June 9, 2022
U.S. House Gun Control Hearings Reveal the Farce
The U.S. House of Representatives is controlled by Speaker Nancy Pelosi (D-Calif.). She’s constantly being pushed further and further to the Left by progressive and antigun members of her caucus who are not interested in finding common ground on firearm safety proposals.
If the rush to place blame on law-abiding gun owners for the tragedies in Buffalo, New York and Uvalde, Texas, didn’t give away their cynical intentions, the public House committee hearings this week on proposed gun control bills did. None of the proposals would have stopped the reprehensible acts and wouldn’t stop future incidents. It was all for show.
Know What You’re Selling
The U.S. House Committee on Rules held a markup hearing to debate the massive gun control package Speaker Pelosi is pushing through for a vote. The package includes proposals favored by gun control groups, including a so-called “assault weapons” ban. During the committee hearing, U.S. Rep. Guy Reschenthaler (R-Pa.) questioned U.S. House Judiciary Committee Chairman Jerrold Nadler (D-N.Y.), testifying in favor of the bill package, about some basics.
Rep. Reschenthal served in the U.S. Navy Judge Advocate General’s Corps (JAG) before Congress and the congressman was deferential in his questioning. “Chairman Nadler – I don’t want to put you on the spot but do you know what the ‘AR’ in ‘AR-15’ stands for?”
“It stands for ‘assault rifle,’” the New York Democrat responded. “That’s not it…Mr. Massie, do you know what it stands for?” Rep. Reschenthaler asked, turning to hearing witness U.S. Rep. Thomas Massie (R-Ky.). “ArmaLite – the original manufacturer.”
“Yeah exactly and that’s unfortunate because it’s the first manufacturer of the platform in I think 1963 and it’s different than the M-16 platform. I know I was in the Navy, I shot M-16s – actually M-4s.”
“But it’s still an assault rifle,” Chairman Nadler interrupted. Shaking his head, Rep. Reschenthaler stated, “I would disagree with that.”

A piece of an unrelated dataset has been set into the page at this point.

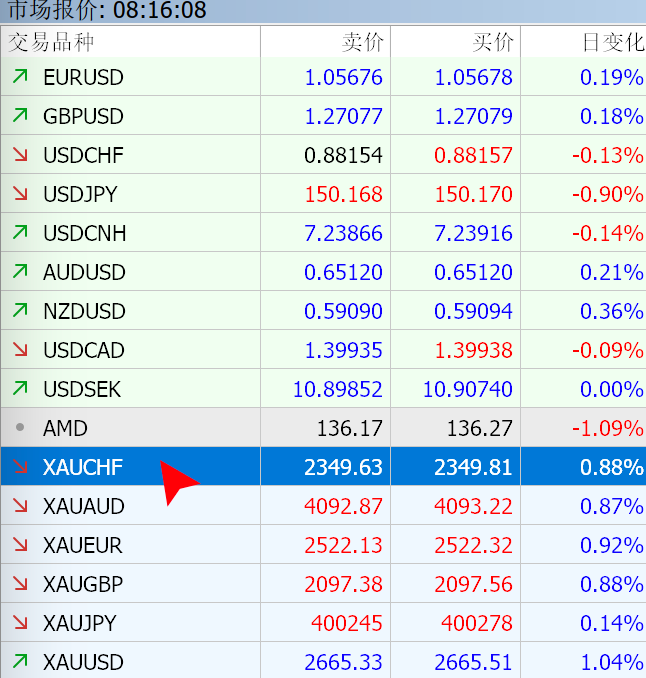 MT5 Mac版报价窗口右键单击黄金交易品种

More Americans are familiar with the rifle in question than ever and understand more about them than Chairman Nadler. AR-15-style semiautomatic rifles, or Modern Sporting Rifles (MSRs), are the most popular selling centerfire semiautomatic rifles in the country. The most recent industry estimate shows over 20 million are in circulation. The rifle operates off the same one-trigger pull-one-round-fired technology that is utilized in shotguns and handguns for well over a century. More homicides are committed in America each year using knives, clubs and fists combined than rifles of any kind, let alone from MSRs, according to the FBI’s Uniform Crime Reports.
Standing Up for Rights
Not to be outdone, U.S. House Oversight Committee Chairwoman Carolyn Maloney (D-N.Y.) held a gun control hearing of her own. She’s currently locked in a fierce incumbent-on-incumbent primary election battle with Rep. Nadler. The two Manhattanites are trying their hardest to out-gun-control one another. Rep. Maloney’s committee hearing involved survivors of criminal violence, including those involved in the recent tragedies in Buffalo, New York, and Uvalde, Texas. Testimony was also provided by The D.C. Project’s Lucretia Hughes. Hughes is a Second Amendment advocate whose 19-year-old son was murdered by a criminal. She testified about the need for people – especially women – to be able to defend themselves and their families against criminals that won’t follow any of the laws being considered by Rep. Maloney’s committee.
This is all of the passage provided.